- Four consortia are entering the final stage of negotiations for the PIA sale.
- Cabinet approval of the PIA reserve price is expected soon.
- The panel recommends five years of job security for PIA employees.
The government plans to hold the final bid for Pakistan International Airlines (PIA) in mid-December, the Privatization Department Secretary told the National Assembly Standing Committee on Wednesday.
Briefing the panel headed by MNA Farooq Sattar, the Secretary said that four pre-qualified consortia are currently in the final stage of negotiations on commercial terms, The news reported.
He said negotiations are underway with the pre-qualified bidders on the share purchase and shareholder agreements.
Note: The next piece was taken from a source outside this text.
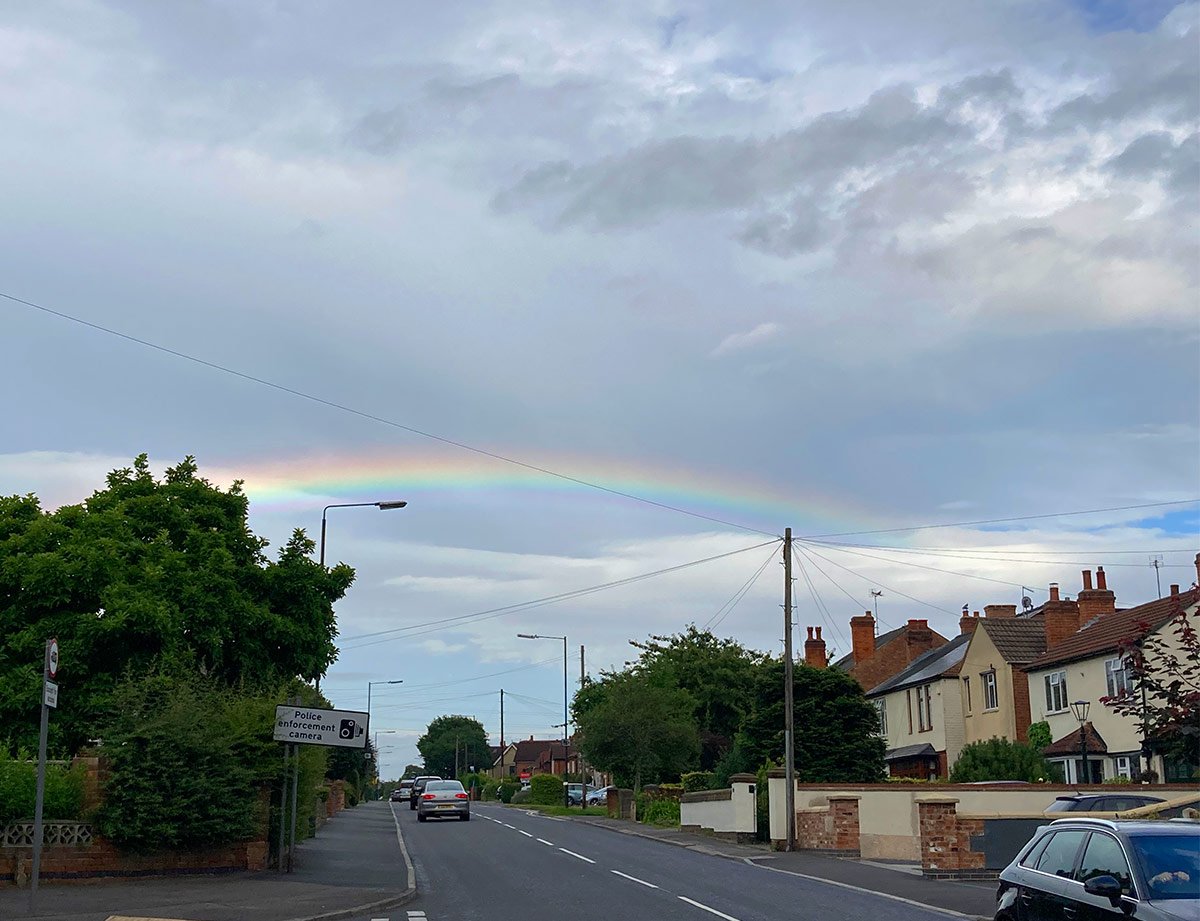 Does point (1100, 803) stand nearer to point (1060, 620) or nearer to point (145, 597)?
point (145, 597)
Negotiations on advance bids have continued for the past three days, while approval of the reserve price will be sought from the federal cabinet, the secretary said.
In early July, the Privatization Commission Board prequalified four bidders – Fauji Fertilizer Company Ltd, Air Blue (Pvt) Ltd, a consortium of Lucky Cement, Hub Power Holdings, Kohat Cement and Metro Ventures and a consortium led by Arif Habib Corporation with Fatima Fertiliser, City Schools and Lake City Holdings. On November 7, the board approved the inclusion of AKD Group Holdings (Pvt) Ltd in the Arif Habib-led consortium.
During the meeting, Farooq Sattar pressed the government to ensure strong job protection for airline employees and transparency in the sales process. Notably, the earlier reserve price for PIA was set at Rs85 billion. “The airline must be sold, but employee protection must be guaranteed,” he said.
The committee recommended at least five years of job protection for PIA employees and full guarantee for pensioners.
Officials said PIA currently operates 18 aircraft and will need 35-38 more for sustainable operations, with future owners committed to retaining experienced employees.
The additional secretary of the Power Division revealed for the first time to the lawmakers that the government is considering transferring DISCOs under long-term concession agreements instead of full privatization on the Turkish model.
These agreements will leave management responsibilities to private entities for a potential period of up to 25 years, allowing for investment and infrastructure improvements.
In the first phase, the government plans to privatize Islamabad, Gujranwala and Faisalabad power utilities, but the issuance of their RFPs has been delayed and officials say the process should reach an advanced stage by March.
The Power Division told the committee that all three-phase meters nationwide will be replaced with AMI meters by December 2026 to curb electricity theft. He said 1.5 million AMI meters have been installed in the Iesco region, reducing power loss by 2%.
Addressing the 33-year delay in Pakistan Engineering Company’s (Peco’s) privatisation, Farooq Sattar asked why it remained stalled. Officials said the prime minister has placed Peco under the Special Investment Facilitation Council (SIFC).
The committee directed a formal progress report from SIFC, while the privatization department noted that it responds to council inquiries rather than initiating them. The committee was also briefed on the privatization of the Roosevelt Hotel in New York. Separately, officials from the Ministry of Industry and Production confirmed that all outstanding dues of Utility Store employees have been cleared.